Core Aeration removes small, tubular-shaped cores of soil, giving air, moisture and fertilizer free access to the root system. Aeration pulls plugs of soil one-to-two inches long from the ground, leaving them on the lawn surface where they’ll gradually break down and decompose.
Soil surrounding the cut holes and the plugs left behind will collapse and fill in the holes. As nature breaks up the cores, the soil filters back into the turf and supports the microbial decomposition of the remaining thatch. Increased air and water in the coring holes also helps decompose the thatch while promoting deeper, healthier root growth.
And Core Aeration can provide a good boost to a marginal lawn and can result in an almost magical transformation for the rest.
Why Core Aeration should be part of your annual lawn care program…
It Helps Resolve Issues with Compacted Soil – Compacted soil can cause water pooling, insufficient oxygen, nutrients and microbial activity at the grass roots. Core Aeration is the best way to deal with compacted topsoil, much like tilling your garden to get ready for planting and a new growing season.
It Breaks Up the Thatch Layer – Every lawn has a thatch layer that – if allowed to get too thick and dense – will prevent water, oxygen and nutrients (both natural and applied fertilizer) from reaching the roots. Because annual core aeration breaks up that thatch barrier, and the soil cores bring health-promoting micro-organisms to the surface, speeding up thatch decomposition… it virtually eliminates this problem.
It Provides Your Lawn with Free Top Dressing – Core aeration leaves thousands of tube-shaped soil cores laying on the surface of your lawn… which essentially gives your lawn a top dressing. These cores help preserve moisture in your turf until they eventually break down during subsequent rainfalls… dissolving back into your lawn.
It Gets More Oxygen to Your Soil and Grass Roots – Promoting steady, on-going healthy, new lawn shoots each year will keep your lawn vibrant and resistant to harmful weeds and insects. But, these new shoots will need growing room… and the myriad of tubular holes created by core aeration provide the perfect, new-growth environment.

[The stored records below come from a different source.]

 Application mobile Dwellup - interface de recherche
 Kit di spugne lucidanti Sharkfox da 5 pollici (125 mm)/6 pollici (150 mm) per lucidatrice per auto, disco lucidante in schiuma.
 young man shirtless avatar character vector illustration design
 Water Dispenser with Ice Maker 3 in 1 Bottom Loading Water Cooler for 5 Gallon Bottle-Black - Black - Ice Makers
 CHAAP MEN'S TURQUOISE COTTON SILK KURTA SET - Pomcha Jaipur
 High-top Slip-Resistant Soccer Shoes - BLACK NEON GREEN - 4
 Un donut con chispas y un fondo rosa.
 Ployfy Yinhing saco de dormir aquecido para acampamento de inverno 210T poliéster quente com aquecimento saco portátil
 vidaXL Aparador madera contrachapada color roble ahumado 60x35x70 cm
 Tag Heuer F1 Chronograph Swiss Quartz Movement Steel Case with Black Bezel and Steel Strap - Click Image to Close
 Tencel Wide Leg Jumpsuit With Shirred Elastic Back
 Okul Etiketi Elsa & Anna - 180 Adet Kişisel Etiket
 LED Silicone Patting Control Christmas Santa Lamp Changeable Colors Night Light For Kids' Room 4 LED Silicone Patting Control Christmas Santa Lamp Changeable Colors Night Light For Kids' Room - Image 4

It Helps Improve Fertilizer Effectiveness – Because core aeration gives fertilizer better access and improves effectiveness at the grass roots… as well as lawn growth and health… you’ll get a much greater return on your fertilizer investment if you have your lawn core aerated in both the Spring and Fall.
It Helps Protect Your Lawn in Dry Times – Compacted soils result in shallow root systems. Because core aeration promotes deeper, stronger root growth, it’ll give your lawn greater drought tolerance during the driest summer days.
You’ll Use Less Water on Your Lawn – Thatch-bound, compacted lawns won’t absorb water effectively, and because much of the water you apply will simply run off, you lawn won’t get sufficient moisture and nutrients, no matter how much you water them. Aeration gets water to the roots, and largely eliminates run-off… which reduce your water costs.
It Makes Your Lawn More Insect Resistant – Thatch build-up gives insects a perfect growing environment. Because core aeration cuts thousands of holes into the thatch layer, it disturbs that ideal insect environment, reducing infestation.
It Makes Your Lawn More Weed Resistant – Core aeration allows water, oxygen and nutrients to reach the grass roots which promotes new growth. Since new growth makes your lawn denser & healthier, it tends to crowd out weeds.
It improves the Curb Appeal & Value of Your Home – It’s said your home’s curb appeal, and more specifically the look and health of your lawn, will say much about how you care for rest of your home and property. A home with a thick, lush, green lawn may sell for as much as 10% more than an identical home with a weedy, brown, unhealthy looking one. Core aerating your lawn will help you gain full, if not even better value for your home, should it ever come time to sell.